Enzo Martino   11-12-2007

Ho sempre pensato che il mondo delle persone e delle problematiche fosse diviso in bianco o nero. Sono cresciuto con la convinzione che ci sono delle persone che vivono senza problemi, quelle che appartengono alla categoria dei ricchi, e che io, invece, facevo parte della categoria dei poveri. Per questo ho deciso a un certo punto di voler appartenere alla categoria dei ricchi.

Non avendo le basi per stare in piedi da solo, ho creduto fosse meglio saltare la parte più dura per diventare qualcuno, così ho saltato l’ostacolo, diventando un fuorilegge.

Mio padre era povero, io non desideravo essere come lui, non volevo rischiare di fallire come mi sembrava che fosse successo a lui; dovevo ottenere presto, anzi subito, quello che non gli avevo visto raggiungere.

Correvo verso i miei traguardi, intanto distoglievo lo sguardo dalle persone. Non  guardavo e non consideravo nessuno come essere umano, ma come delle cose; oggi capisco che, a parte i reati in sé, non guardavo l’altro perché non mi volevo bene, non mi riconoscevo come persona. Sono stato un agente del male, che desidera che il male subito, anche gli altri lo sentano passare sulla loro pelle.
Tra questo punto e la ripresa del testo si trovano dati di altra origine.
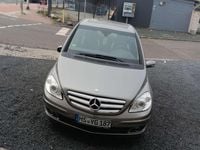 Gebraucht Mercedes B200 135 PS (99 kW) 2010 Grau Van / Kleinbus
Dopo l’arresto il rancore era tanto, vedevo chi mi teneva chiuso come il mio nemico, sentivo di stare bene solo con i miei compagni rinchiusi. 
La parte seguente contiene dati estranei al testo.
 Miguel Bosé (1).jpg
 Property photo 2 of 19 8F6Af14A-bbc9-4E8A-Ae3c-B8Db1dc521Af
Gli anni trascorsero e per caso incontrai una persona che mi ha fatto capire che con il dialogo con se stessi e con gli altri, si può vedere la vita con un’altra prospettiva. Dopo tanto lavoro con questa persona, e tante altre insieme a lui, ho incominciato a volermi bene e di conseguenza guardare gli altri come persone. Ho tirato fuori il malessere che mi attanagliava la ragione.

Oggi ho avuto il riconoscimento per quello che sono e per quello per cui mi applico da diversi anni, forse il reato lo potevo evitare di commettere solo se da qualche parte ci fosse stato qualcuno che mi avesse aiutato a camminare nella legge, mi avesse detto cosa è giusto e cosa è sbagliato, senza usare violenza, ma con il dialogo. Forse è chiedere troppo, però, io con i miei figli dialogo per quanto mi è possibile in maniera costante. 
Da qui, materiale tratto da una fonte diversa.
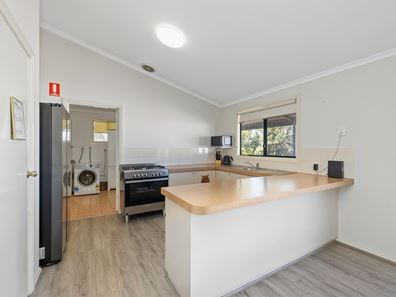 6 HEWBY COURT, Ledge Point WA 6043
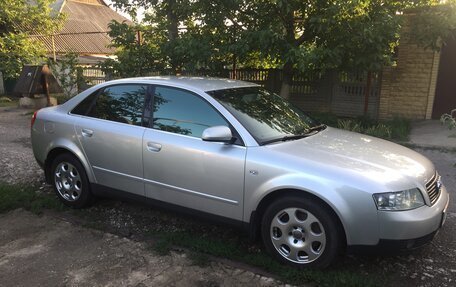 Audi A4, 2003 год, 880 000 рублей, 3 фотография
Oggi mi piace faticare come tutti gli altri, sentire quelle difficoltà che tutte le persone attraversano, questo è appartenere a quel mondo che molto tempo fa ho rifiutato. Il carcere di certo non aiuta, ma, se la persona è disposta ad aiutarsi, di sicuro c’è sempre qualcuno che una mano te la dà. Bisogna sapere capire con quali persone e quale strada si intende intraprendere.

Da parte mia, credo di avere scelto di essere amico di una persona, il mio amico delle istituzioni, che ha capito prima di me cosa in fondo ho sempre cercato. Anni fa gli avevo detto qualcosa sulla mia voglia di potere e da lì abbiamo fatto abbastanza strada da arrivare qui dove siamo oggi!